At a Self Help Resource Centre meeting, my late friend Spencer Brennan read the following excerpt from the Velveteen Rabbit, by Margery Williams:
What is REAL?” asked the Rabbit one day…
“Real isn’t how you are made,” said the Skin Horse. “It’s a thing that happens to you. When a child loves you for a long, long time, not just to play with, but REALLY loves you, then you become Real.”
“Does it hurt?” asked the Rabbit.
“Sometimes,” said the Skin Horse, for he was always truthful. “When you are Real you don’t mind being hurt.”
“Does it happen all at once, like being wound up,” he asked, “or bit by bit?”
“It doesn’t happen all at once,” said the Skin Horse. “You become. It takes a long time. That’s why it doesn’t happen often to people who break easily, or have sharp edges, or who have to be carefully kept. Generally, by the time you are Real, most of your hair has been loved off, and your eyes drop out and you get loose in the joints and very shabby. But these things don’t matter at all, because once you are Real you can’t be ugly, except to people who don’t understand.”
Having facilitated peer support groups – with those living with mental health challenges – that excerpt resonated deeply with me. It really brought home for me the importance of creating spaces where people are allowed to reveal their “Real” self, with others who “understand”. I then thought about what model of support might best protect/ support such a space – a space that allowed an individual/s to safely share their “Real” self.

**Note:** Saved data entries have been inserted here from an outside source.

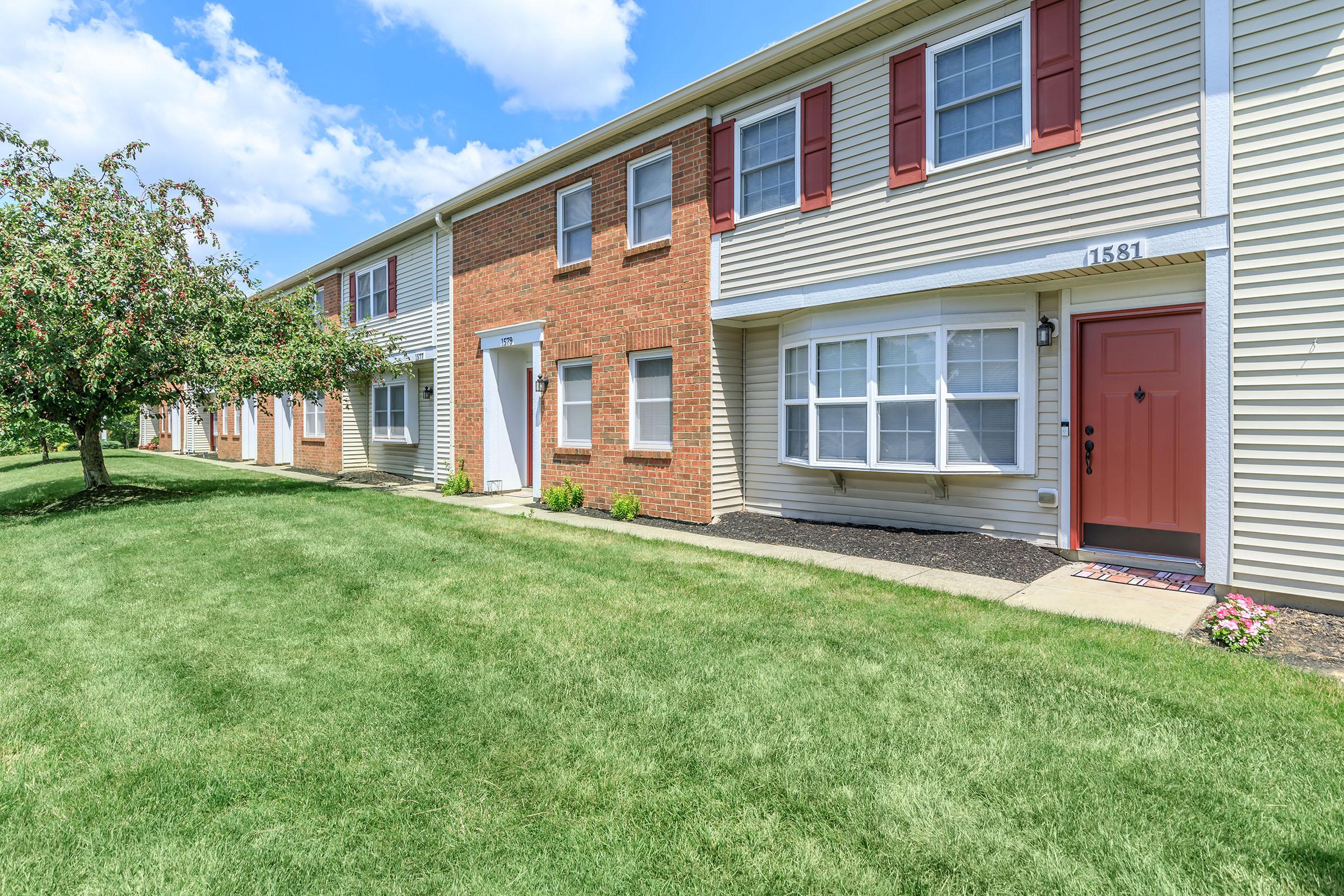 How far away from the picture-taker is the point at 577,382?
11.1 m

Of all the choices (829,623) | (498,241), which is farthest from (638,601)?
(498,241)

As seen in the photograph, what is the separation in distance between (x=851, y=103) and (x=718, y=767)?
7.39 m

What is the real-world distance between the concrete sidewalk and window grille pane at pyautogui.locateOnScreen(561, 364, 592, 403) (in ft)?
10.0

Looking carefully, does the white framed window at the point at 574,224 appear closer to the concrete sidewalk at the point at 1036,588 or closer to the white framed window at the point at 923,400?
the white framed window at the point at 923,400

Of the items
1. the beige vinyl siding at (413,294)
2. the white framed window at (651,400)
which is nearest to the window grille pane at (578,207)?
the white framed window at (651,400)

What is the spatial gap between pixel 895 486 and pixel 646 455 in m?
3.61

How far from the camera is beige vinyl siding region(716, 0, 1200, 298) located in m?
5.54

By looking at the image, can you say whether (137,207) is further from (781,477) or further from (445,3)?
(781,477)

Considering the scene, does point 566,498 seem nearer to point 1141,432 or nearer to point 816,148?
point 816,148

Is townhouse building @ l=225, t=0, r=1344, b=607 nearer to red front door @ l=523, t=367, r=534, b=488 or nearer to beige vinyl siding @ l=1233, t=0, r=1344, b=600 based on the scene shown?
beige vinyl siding @ l=1233, t=0, r=1344, b=600

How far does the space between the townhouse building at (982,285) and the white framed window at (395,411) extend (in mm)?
5226

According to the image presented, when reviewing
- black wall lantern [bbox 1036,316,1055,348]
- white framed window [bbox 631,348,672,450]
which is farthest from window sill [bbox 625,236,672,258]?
black wall lantern [bbox 1036,316,1055,348]

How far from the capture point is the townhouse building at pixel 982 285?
5.07 m

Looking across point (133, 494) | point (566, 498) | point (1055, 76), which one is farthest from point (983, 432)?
point (133, 494) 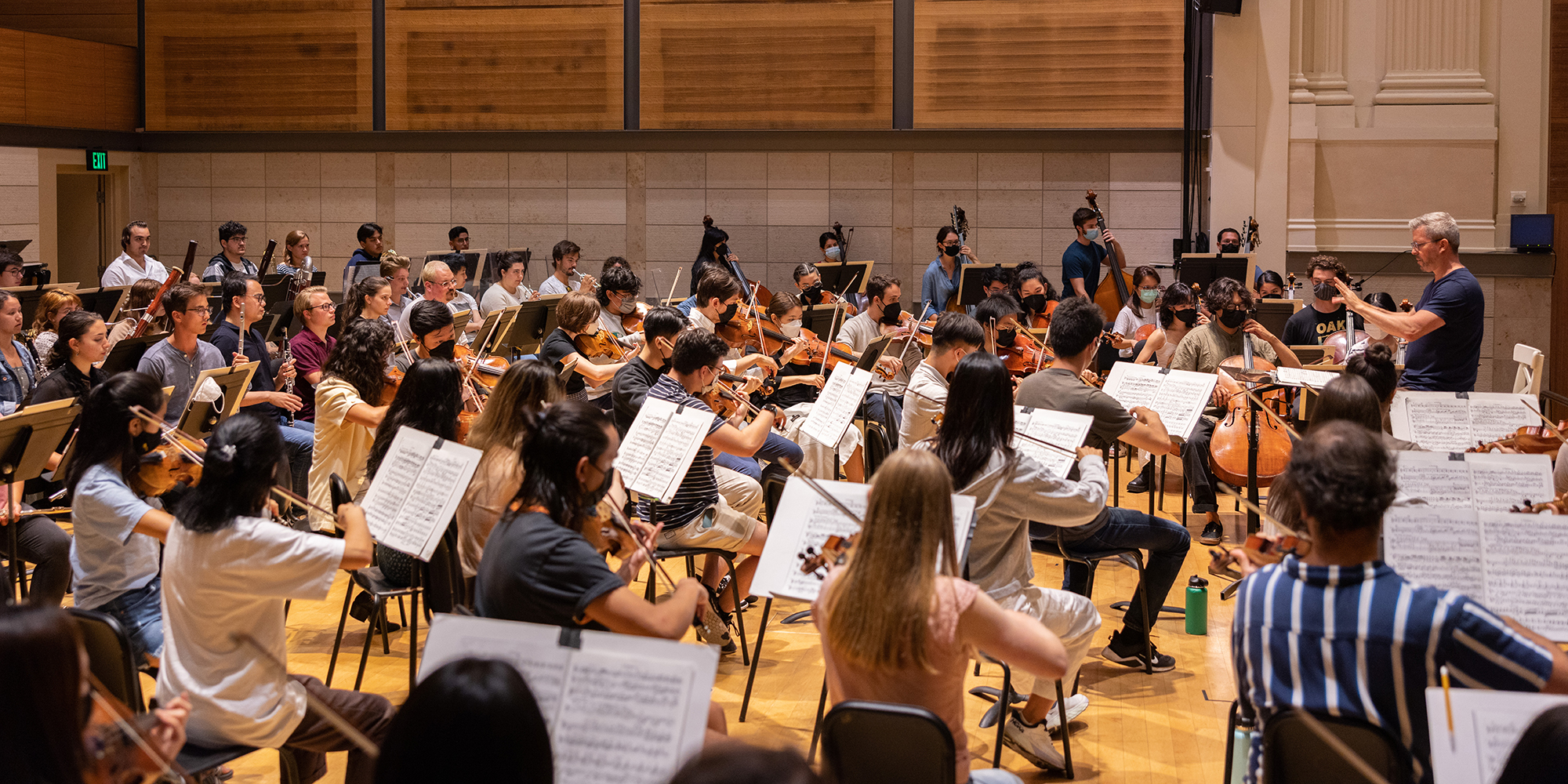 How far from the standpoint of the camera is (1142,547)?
14.7 feet

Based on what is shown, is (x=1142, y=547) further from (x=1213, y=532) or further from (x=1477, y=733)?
(x=1477, y=733)

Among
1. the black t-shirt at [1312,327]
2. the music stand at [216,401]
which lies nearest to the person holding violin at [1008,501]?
the music stand at [216,401]

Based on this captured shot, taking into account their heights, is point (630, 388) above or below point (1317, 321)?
below

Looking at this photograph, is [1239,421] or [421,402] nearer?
[421,402]

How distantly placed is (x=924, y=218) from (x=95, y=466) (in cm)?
993

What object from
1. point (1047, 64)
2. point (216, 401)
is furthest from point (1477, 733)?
point (1047, 64)

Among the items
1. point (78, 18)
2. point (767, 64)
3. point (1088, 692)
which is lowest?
point (1088, 692)

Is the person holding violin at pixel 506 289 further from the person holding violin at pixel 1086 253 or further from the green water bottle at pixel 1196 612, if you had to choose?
the green water bottle at pixel 1196 612

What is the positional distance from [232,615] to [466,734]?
151 centimetres

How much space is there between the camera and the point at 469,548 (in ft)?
13.3

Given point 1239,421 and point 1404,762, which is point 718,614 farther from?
point 1404,762

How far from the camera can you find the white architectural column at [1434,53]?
10422mm

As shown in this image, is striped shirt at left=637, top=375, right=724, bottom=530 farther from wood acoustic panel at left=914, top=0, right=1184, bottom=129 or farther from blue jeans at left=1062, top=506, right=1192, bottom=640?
wood acoustic panel at left=914, top=0, right=1184, bottom=129

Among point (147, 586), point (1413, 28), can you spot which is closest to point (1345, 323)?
point (1413, 28) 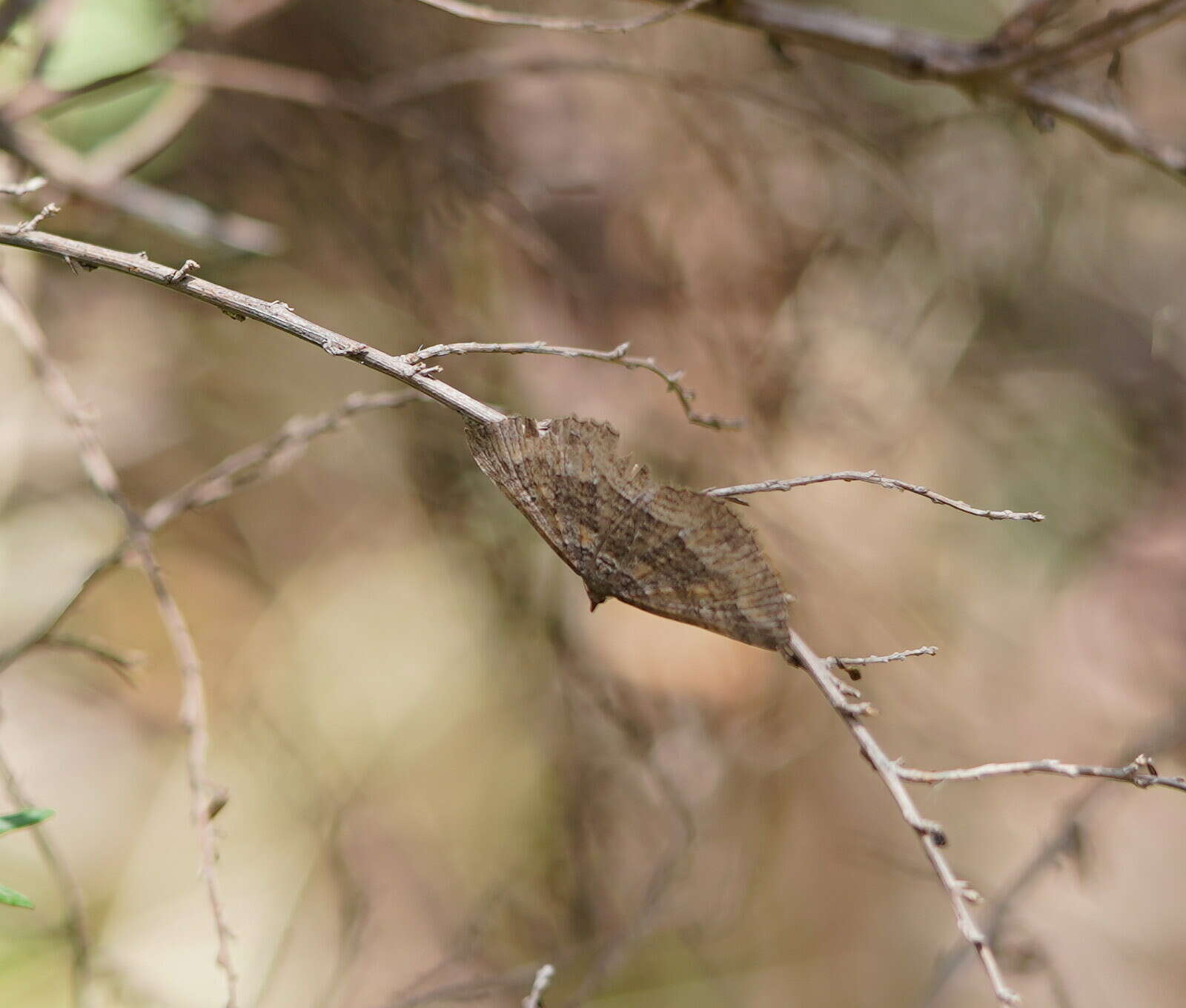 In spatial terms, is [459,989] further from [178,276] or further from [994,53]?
[994,53]

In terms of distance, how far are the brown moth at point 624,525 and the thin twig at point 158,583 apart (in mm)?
437

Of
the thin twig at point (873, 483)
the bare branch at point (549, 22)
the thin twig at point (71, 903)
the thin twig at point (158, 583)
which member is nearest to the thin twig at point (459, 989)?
the thin twig at point (158, 583)

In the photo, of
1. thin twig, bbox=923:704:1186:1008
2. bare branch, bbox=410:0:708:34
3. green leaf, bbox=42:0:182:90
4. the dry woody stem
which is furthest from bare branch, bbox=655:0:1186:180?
green leaf, bbox=42:0:182:90

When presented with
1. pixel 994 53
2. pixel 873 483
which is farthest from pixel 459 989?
pixel 994 53

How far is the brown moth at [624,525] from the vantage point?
68 centimetres

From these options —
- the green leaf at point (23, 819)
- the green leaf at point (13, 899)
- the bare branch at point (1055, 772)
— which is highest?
the bare branch at point (1055, 772)

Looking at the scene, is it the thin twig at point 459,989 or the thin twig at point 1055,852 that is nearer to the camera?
the thin twig at point 459,989

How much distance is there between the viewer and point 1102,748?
221cm

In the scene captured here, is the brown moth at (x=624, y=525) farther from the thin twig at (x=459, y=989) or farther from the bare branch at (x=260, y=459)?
the thin twig at (x=459, y=989)

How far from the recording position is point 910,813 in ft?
1.96

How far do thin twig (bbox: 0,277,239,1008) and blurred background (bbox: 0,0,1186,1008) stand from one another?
0.70m

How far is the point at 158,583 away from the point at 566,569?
1.11 m

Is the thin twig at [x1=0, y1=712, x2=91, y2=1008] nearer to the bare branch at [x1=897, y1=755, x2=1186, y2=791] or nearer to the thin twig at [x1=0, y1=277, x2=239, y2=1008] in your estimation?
A: the thin twig at [x1=0, y1=277, x2=239, y2=1008]

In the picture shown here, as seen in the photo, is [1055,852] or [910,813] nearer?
[910,813] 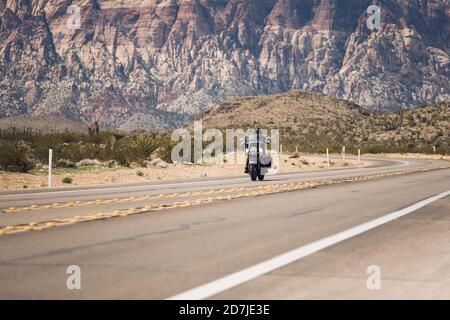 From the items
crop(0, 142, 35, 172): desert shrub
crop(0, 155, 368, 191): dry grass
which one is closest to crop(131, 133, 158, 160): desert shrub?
crop(0, 155, 368, 191): dry grass

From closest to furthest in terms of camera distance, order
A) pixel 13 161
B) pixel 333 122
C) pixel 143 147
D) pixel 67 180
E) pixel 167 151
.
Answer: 1. pixel 67 180
2. pixel 13 161
3. pixel 143 147
4. pixel 167 151
5. pixel 333 122

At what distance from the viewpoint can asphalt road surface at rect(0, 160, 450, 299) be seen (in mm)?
6565

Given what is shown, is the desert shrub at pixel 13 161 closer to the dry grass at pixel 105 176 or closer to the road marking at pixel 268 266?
the dry grass at pixel 105 176

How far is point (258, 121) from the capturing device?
153 m

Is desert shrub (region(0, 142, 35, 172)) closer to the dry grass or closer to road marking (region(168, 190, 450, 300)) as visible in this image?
the dry grass

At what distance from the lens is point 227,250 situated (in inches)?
344

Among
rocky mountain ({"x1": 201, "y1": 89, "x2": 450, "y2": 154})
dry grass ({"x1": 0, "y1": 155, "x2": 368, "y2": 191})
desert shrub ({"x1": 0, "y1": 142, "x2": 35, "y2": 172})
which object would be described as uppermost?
rocky mountain ({"x1": 201, "y1": 89, "x2": 450, "y2": 154})

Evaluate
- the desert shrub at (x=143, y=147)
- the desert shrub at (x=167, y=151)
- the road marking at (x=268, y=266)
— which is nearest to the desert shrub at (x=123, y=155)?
the desert shrub at (x=143, y=147)

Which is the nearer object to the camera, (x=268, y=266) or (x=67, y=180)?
(x=268, y=266)

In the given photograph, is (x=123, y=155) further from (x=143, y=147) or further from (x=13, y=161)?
(x=13, y=161)

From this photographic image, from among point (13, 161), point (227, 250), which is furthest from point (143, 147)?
point (227, 250)

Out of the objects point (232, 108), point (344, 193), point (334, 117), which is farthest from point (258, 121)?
point (344, 193)

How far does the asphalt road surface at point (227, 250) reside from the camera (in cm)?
656

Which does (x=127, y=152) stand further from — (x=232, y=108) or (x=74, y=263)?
(x=232, y=108) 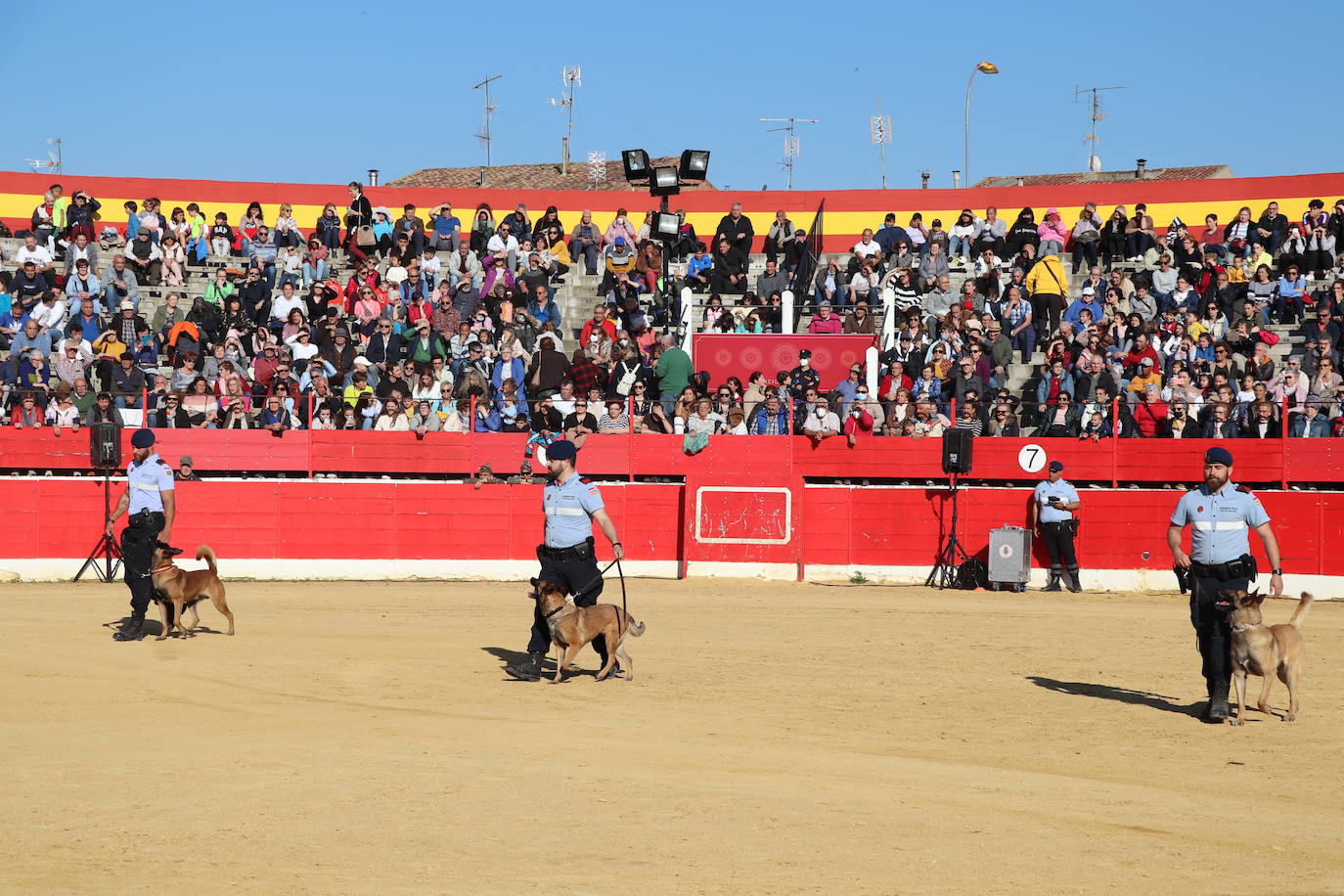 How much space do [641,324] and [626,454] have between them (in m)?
3.91

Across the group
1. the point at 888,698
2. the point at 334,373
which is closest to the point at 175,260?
the point at 334,373

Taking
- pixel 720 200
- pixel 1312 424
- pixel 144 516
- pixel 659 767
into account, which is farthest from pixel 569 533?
pixel 720 200

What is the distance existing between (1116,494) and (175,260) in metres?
16.9

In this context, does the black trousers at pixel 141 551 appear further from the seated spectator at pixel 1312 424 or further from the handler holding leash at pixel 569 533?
the seated spectator at pixel 1312 424

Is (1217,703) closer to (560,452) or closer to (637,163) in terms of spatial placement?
(560,452)

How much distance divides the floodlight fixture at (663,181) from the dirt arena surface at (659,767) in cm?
1406

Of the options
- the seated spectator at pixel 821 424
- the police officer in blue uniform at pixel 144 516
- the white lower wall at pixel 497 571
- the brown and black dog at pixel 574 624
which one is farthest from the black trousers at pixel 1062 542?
the police officer in blue uniform at pixel 144 516

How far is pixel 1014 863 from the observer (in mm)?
6762

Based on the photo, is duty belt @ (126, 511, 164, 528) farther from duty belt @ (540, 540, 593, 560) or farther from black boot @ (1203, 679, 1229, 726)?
black boot @ (1203, 679, 1229, 726)

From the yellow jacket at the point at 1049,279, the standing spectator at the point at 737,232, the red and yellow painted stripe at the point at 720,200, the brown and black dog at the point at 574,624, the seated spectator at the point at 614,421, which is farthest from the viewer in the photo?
the red and yellow painted stripe at the point at 720,200

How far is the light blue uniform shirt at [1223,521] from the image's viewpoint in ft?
34.5

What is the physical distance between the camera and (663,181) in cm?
2747

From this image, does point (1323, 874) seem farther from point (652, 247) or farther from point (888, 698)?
point (652, 247)

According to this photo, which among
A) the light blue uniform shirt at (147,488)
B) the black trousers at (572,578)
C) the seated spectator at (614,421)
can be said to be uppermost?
the seated spectator at (614,421) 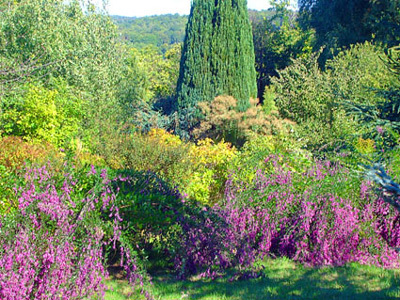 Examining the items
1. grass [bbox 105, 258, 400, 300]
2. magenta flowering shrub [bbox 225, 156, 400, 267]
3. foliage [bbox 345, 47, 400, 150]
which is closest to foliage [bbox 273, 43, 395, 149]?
foliage [bbox 345, 47, 400, 150]

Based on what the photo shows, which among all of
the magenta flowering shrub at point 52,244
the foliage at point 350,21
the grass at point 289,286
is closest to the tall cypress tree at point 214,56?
the foliage at point 350,21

The answer for me was found in a peer support model/philosophy that author Shery Mead refers to as “intentional peer support”. In the article “Intentional Peer Support: What makes it Unique?” the author notes that we – as facilitators – should do the following:
“…share our stories in ways that help others consider how their beliefs and assumptions have created their reality, understanding, choices, and even their relationships. Although we may have had similar experiences, we listen for how people have learned to tell that particular story and ask questions that create space for reflection and awareness. We explain that we are not there to provide “help,” but rather to contribute to a conversation and a process where we actively challenge each other, and where “recovery” becomes a mutual, dynamic relational process and outcome”.